Haute — Open-source pricing engine for insurance teams on Databricks

These details have not been verified by PyPI

Project description

Haute

Open-source pricing engine for insurance teams on Databricks.

Build, visualise, and deploy pricing pipelines as Python code — with a browser-based GUI that stays in sync.

pip install haute

What is Haute?

Haute gives insurance pricing teams a code-first, GUI-friendly way to build rating pipelines. Write standard Python with Polars, see it instantly in a visual editor, and deploy to a live API with one command.

Build pipelines in code or the GUI — both stay in sync
Run the same pipeline for 1-row live quotes and million-row batch jobs
Deploy to Databricks MLflow Model Serving with haute deploy

Python code is always the source of truth.

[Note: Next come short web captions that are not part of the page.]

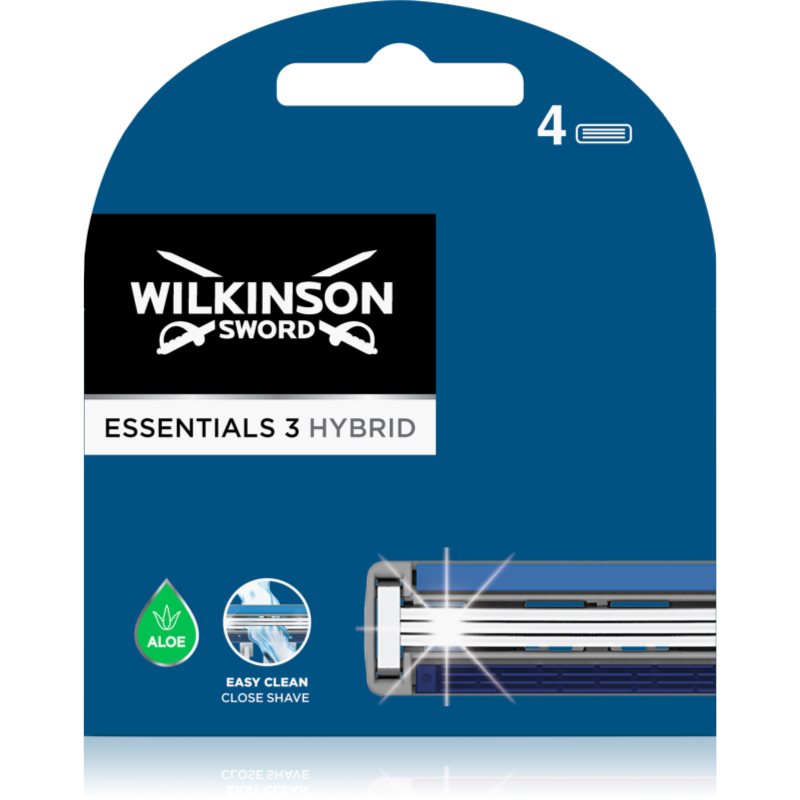 Wilkinson Sword Essentials 3 Hybrid rezerva Lama 4 buc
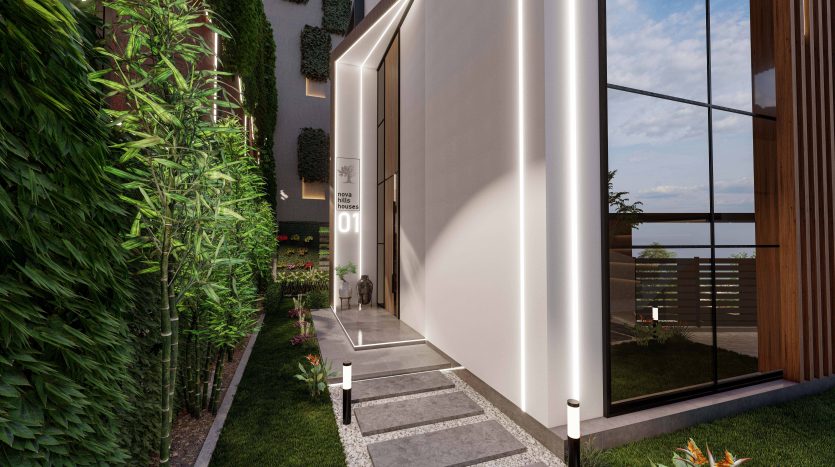 Premium class 3+1 villa | Alanya-Tepe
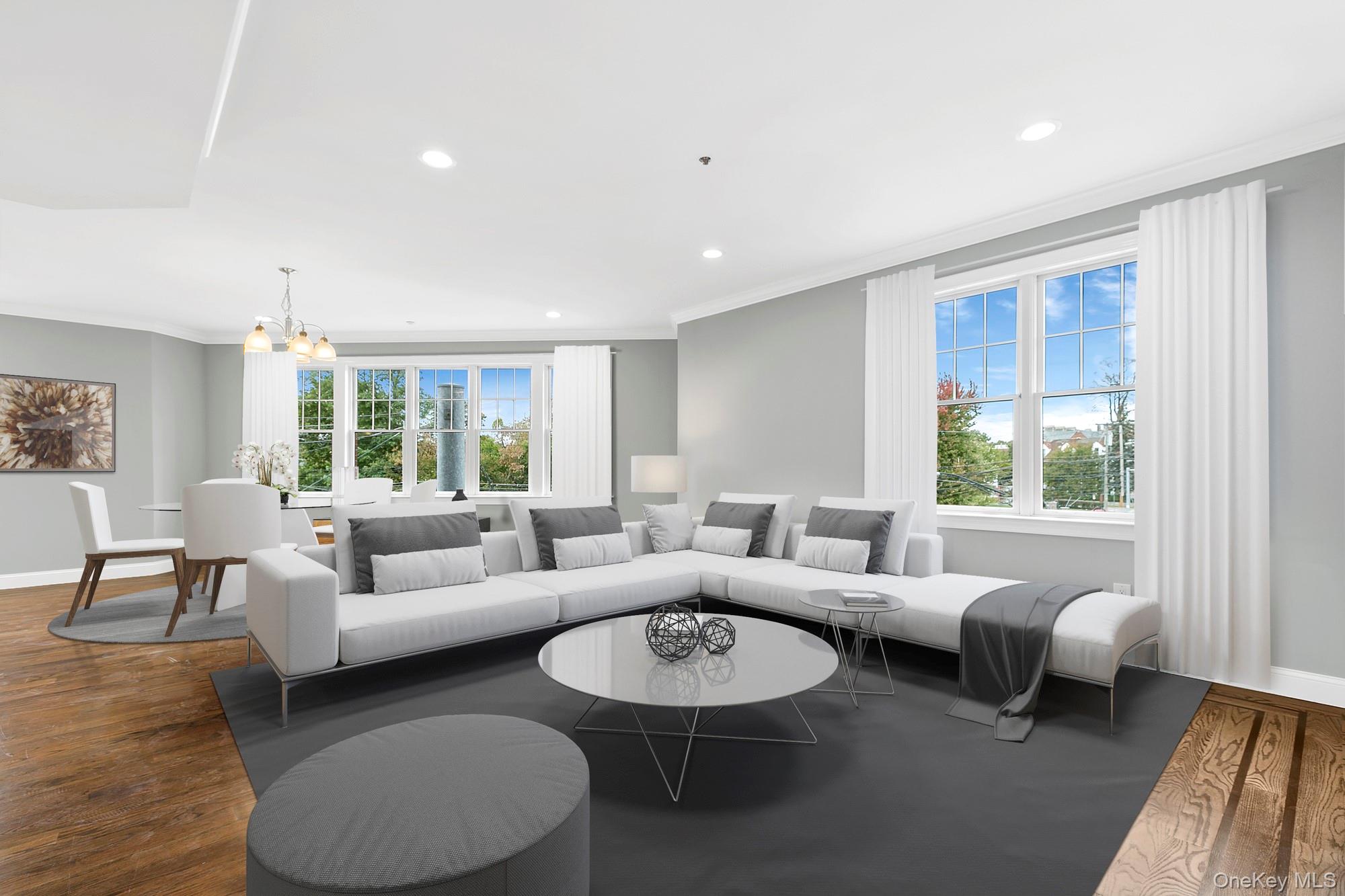 Welcome to vibrant downtown Dobbs Ferry! This spacious 2-bedroom, 2-ba...
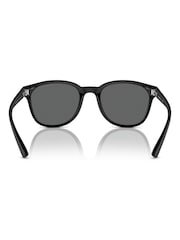 Emporio Armani Ea4225U Phantos Black Sunglasses - Image 3 of 5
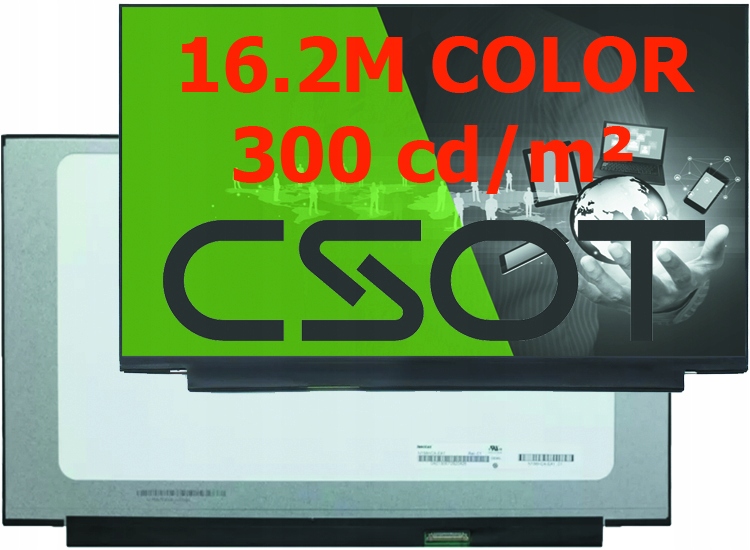 Nová Matrice Lenovo Ideapad 330s-15IKB Fhd Ips 30PIN 15,6" Matná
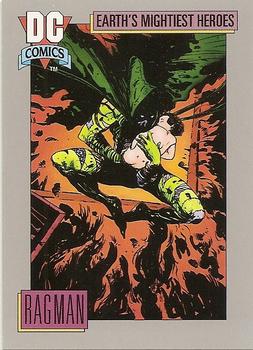 1992 Impel DC Comics Cosmic #72 Ragman Front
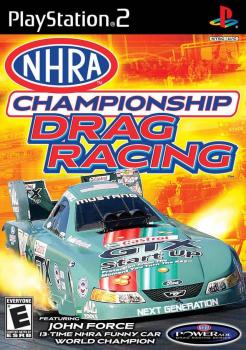  NHRA Drag Racing: Top Fuel Thunder (2004). Нажмите, чтобы увеличить.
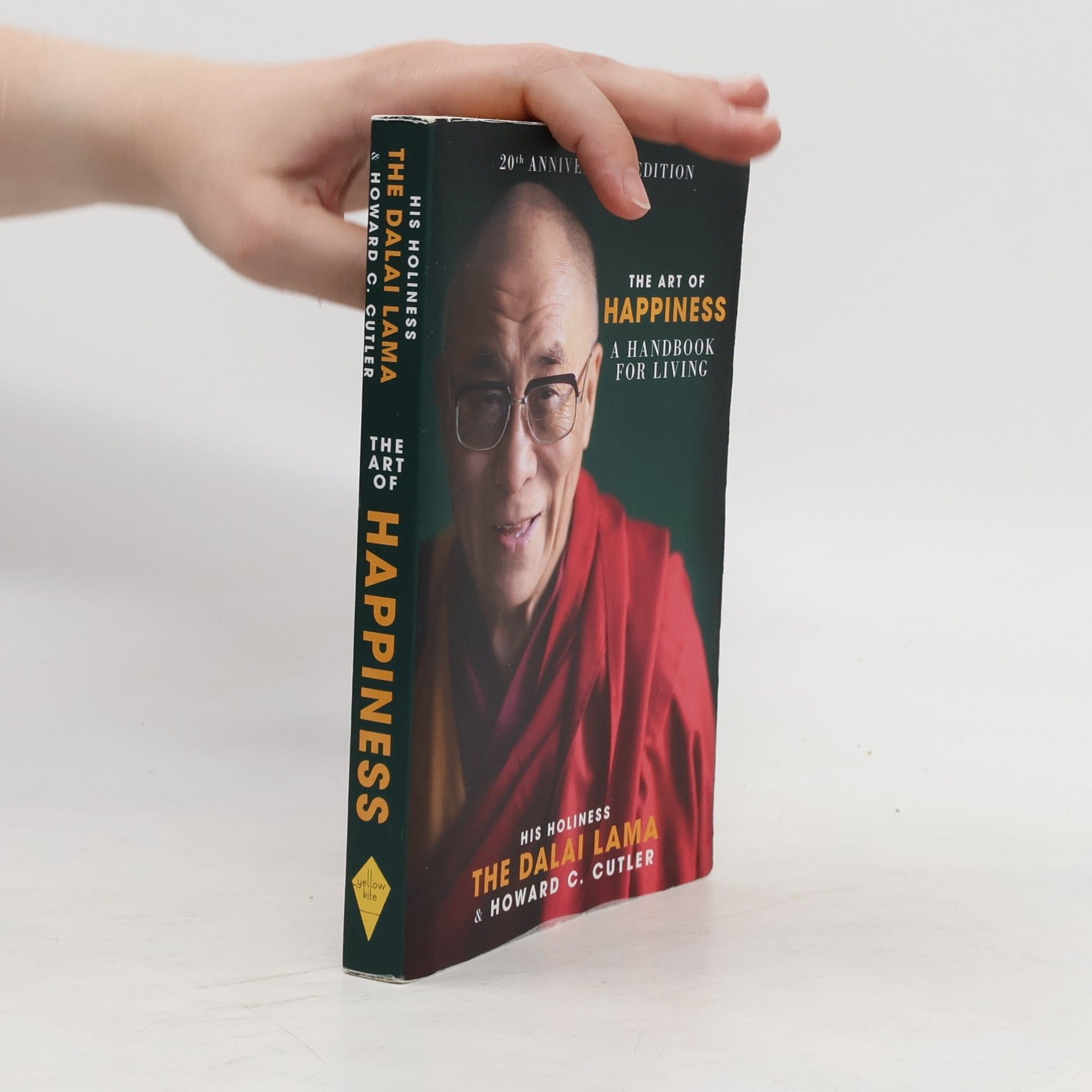 Howard C. Cutler The Art of Happiness: A Handbook for Living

The GUI is a live, editable view.

Quick Start

1. Install

pip install haute

# For deployment to Databricks:
pip install haute[databricks]

2. Create a project

mkdir my_project && cd my_project
haute init

This scaffolds everything you need in the current directory:

haute.toml              ← project & deploy config
.env.example           ← Databricks credentials template
main.py                ← starter pipeline
data/                  ← your data files
test_quotes/           ← JSON payloads for pre-deploy testing

3. Write a pipeline

# main.py
import polars as pl
import haute

pipeline = haute.Pipeline("motor_pricing", description="Motor premium calculation")


@pipeline.node(path="data/policies.parquet", deploy_input=True)
def policies() -> pl.DataFrame:
    """Read policy data — this is the live API input."""
    return pl.scan_parquet("data/policies.parquet")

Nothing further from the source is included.